Overlying strata movement characteristics and water conducting fracture zone height prediction for deep coal mining in arid Western China

Why digging deep for coal affects land and water

In the dry heart of western China, towns and industries depend on scarce underground water that lies above rich coal seams. As mines chase coal deeper underground, engineers worry that the rocks separating coal from precious aquifers may crack, creating hidden pathways for water to drain away or flood tunnels. This study investigates how unusually soft, thick sandstone above deep coal seams in the Ordos Basin bends, flows, and breaks during mining, and what that means for land stability and groundwater security.

A special kind of soft rock above the coal

The coalfields of the Ordos Basin are capped by ultra-thick "weakly cemented" sandstones—rock that looks solid but behaves more like a firm, porous sponge than a rigid beam. Unlike the tough roof rocks above many coal mines around the world, these sandstones have low strength, high porosity, and are easily damaged by stress and water. As mining moves deeper, traditional rules of thumb about how roofs break and how far cracks climb become unreliable. The authors set out to understand how this soft overburden really moves, so that engineers can better predict ground sinking at the surface and the risk of water flowing through newly formed fractures.

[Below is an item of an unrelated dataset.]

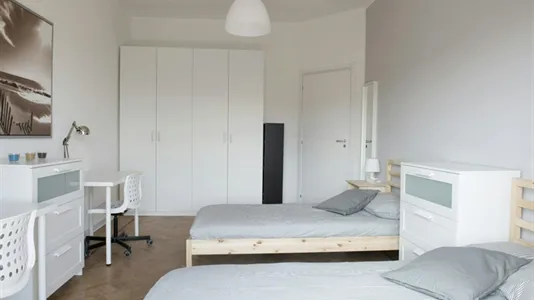 Rooms in Milano Zona 6 - Barona, Lorenteggio - photo 2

Rebuilding the underground in the laboratory

To watch the rocks move in slow motion, the team built a large-scale physical model with carefully mixed sands, gypsum, and other materials chosen to mimic real rock layers at one five-hundredth of their actual size. They simulated longwall mining of individual and then multiple adjacent panels, while high-precision cameras tracked thousands of tiny markers to capture every subtle shift. When a single 300-meter-wide panel was mined, the main roof above it stayed still at first and then suddenly began to sag once the excavation advanced to about 150 meters. By the time the full width was extracted, the model roof had dropped the equivalent of 5.55 meters, and the influence of mining had spread upward into higher rock layers.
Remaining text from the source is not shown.